_Material shown_:

........

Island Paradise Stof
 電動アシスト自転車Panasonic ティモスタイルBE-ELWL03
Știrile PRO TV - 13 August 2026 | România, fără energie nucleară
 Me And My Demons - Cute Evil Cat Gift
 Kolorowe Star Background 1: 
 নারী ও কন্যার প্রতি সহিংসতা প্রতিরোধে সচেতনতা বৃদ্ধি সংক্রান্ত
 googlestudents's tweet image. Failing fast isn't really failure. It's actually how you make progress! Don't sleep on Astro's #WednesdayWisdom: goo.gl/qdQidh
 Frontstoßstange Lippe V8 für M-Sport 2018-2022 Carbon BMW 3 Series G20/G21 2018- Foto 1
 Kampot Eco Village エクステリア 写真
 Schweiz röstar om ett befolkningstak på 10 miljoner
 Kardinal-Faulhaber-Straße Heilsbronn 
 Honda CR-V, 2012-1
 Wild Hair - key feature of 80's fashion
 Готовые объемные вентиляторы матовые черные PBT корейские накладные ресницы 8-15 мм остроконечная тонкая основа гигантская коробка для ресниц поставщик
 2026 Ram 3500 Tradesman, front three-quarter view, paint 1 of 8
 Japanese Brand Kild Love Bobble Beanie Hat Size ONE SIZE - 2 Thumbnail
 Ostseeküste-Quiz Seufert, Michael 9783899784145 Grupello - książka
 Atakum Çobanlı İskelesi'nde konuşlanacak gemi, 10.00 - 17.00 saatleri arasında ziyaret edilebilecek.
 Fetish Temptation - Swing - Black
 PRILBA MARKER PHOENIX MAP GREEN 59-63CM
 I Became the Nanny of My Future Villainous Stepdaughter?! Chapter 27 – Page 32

........

_What the task requires_: Word for word, please print every line from the beginning of the records to the line bearing "googlestudents's tweet image.", counting both ends and stopping there.

_Solution to this exercise_:
Island Paradise Stof
 電動アシスト自転車Panasonic ティモスタイルBE-ELWL03
Știrile PRO TV - 13 August 2026 | România, fără energie nucleară
 Me And My Demons - Cute Evil Cat Gift
 Kolorowe Star Background 1: 
 নারী ও কন্যার প্রতি সহিংসতা প্রতিরোধে সচেতনতা বৃদ্ধি সংক্রান্ত
 googlestudents's tweet image. Failing fast isn't really failure. It's actually how you make progress! Don't sleep on Astro's #WednesdayWisdom: goo.gl/qdQidh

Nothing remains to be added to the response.